Plan to ease U.S. disclosure rules only half right

June 17, 2011

By Robert Cyran
The author is a Reuters Breakingviews columnist. The opinions expressed are his own.

A new plan to ease a U.S. disclosure rule that can be burdensome for private companies like Facebook gets it only half right. Tweaking, rather than gutting, the current requirements would be a better way to balance companies accessing capital with investor protection.

The current Securities and Exchange Commission rule, under which companies with 500 or more stockholders must publicly disclose their finances, can make firms that wish to remain private reluctant to give shares to too many employees. That takes away an important tool for luring new and potentially valuable workers.

And because once they have full disclosure obligations many companies see no reason not to go public, the rule can lead them to take their shares to public markets prematurely. That makes it hard for investors to analyze them and creates short-term performance pressures that can stifle young companies.

A bipartisan bill in Congress would raise the threshold to 1,000 investors and exclude from the count accredited investors institutions or high-net worth individuals — and employees.

Yet legislators should have legitimate investor protection concerns, too. There is already a thriving market in shares of private companies, especially new technology icons like Facebook. Operations such as SecondMarket and SharesPost allow employees and other insiders to sell shares in hot companies to accredited investors. These secondary markets are relatively new and cry out for scrutiny.

But there’s also the disclosure question. Demand Media, LinkedIn and Groupon have all been heavily traded while privately held. All the firms claimed to be profitable in recent years. But when they filed to go public, it turned out that by the SEC’s required standard measures, all three were losing money.

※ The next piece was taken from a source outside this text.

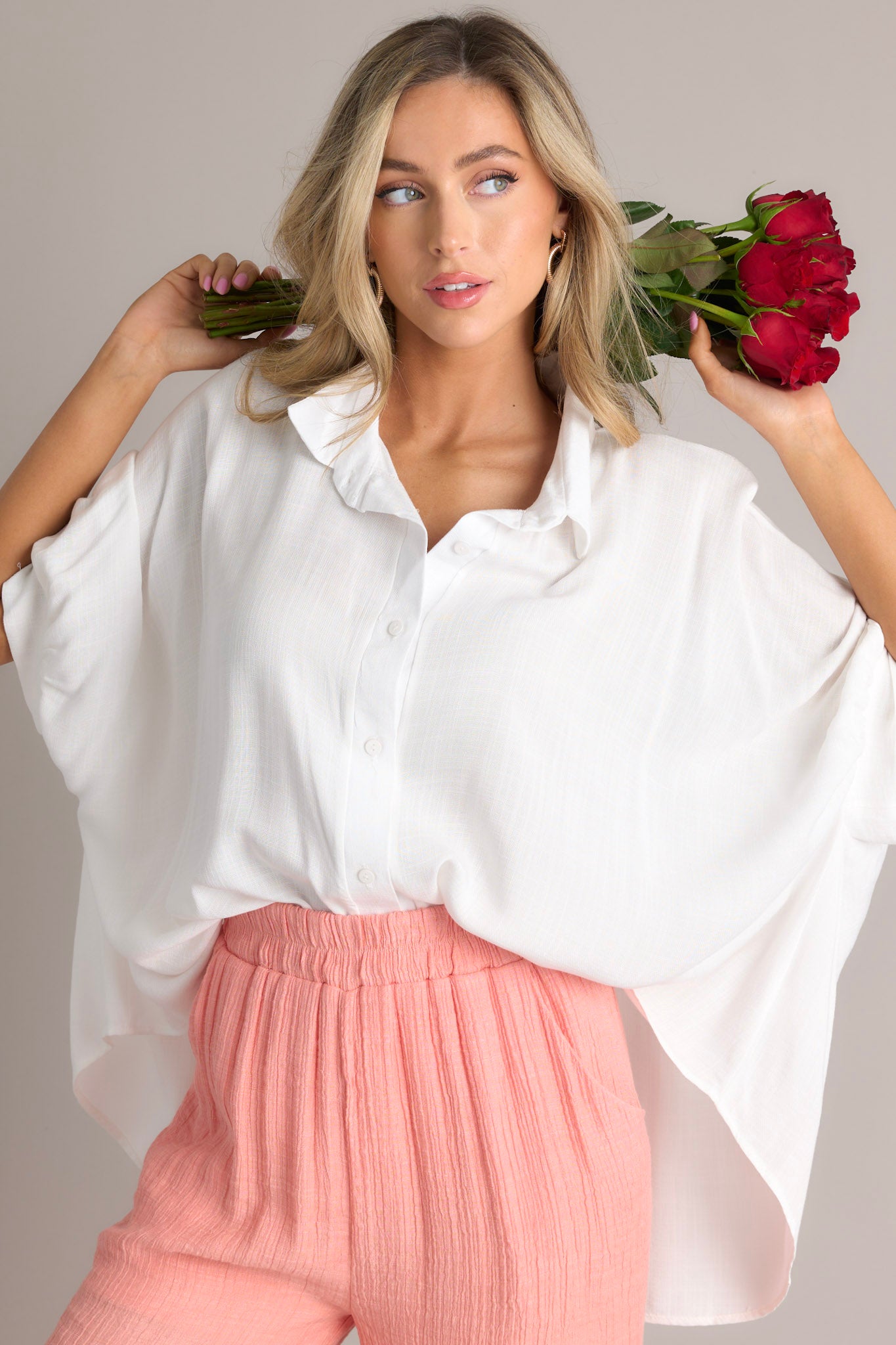 Front view of this top that features a collar neckline and functional buttons down the middle.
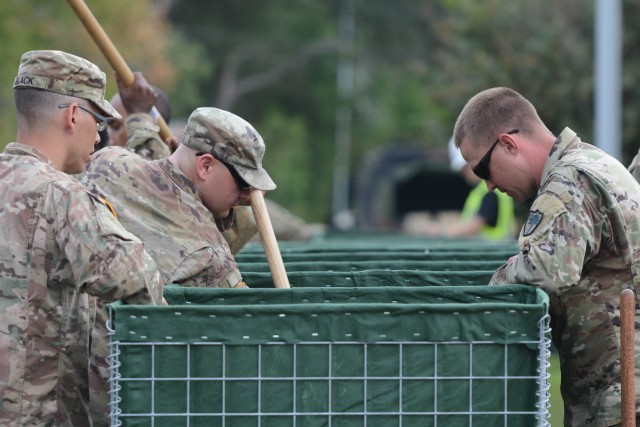 Batesburg Soldiers build HESCO water barrier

The problem is that hundreds or thousands of investors can’t really have inside knowledge. Forcing disclosure on companies costs them money, but markets experience even costlier friction if information isn’t freely available. Both 500 and 1,000 are arbitrary limits, and either is probably fine. And carving out employees sounds sensible.

But not counting institutions and wealthier investors toward the threshold figure smacks of favoring big money over small investors. Lawmakers should pick a number, carve out employees only — and scrutinize the activity on flourishing secondary markets.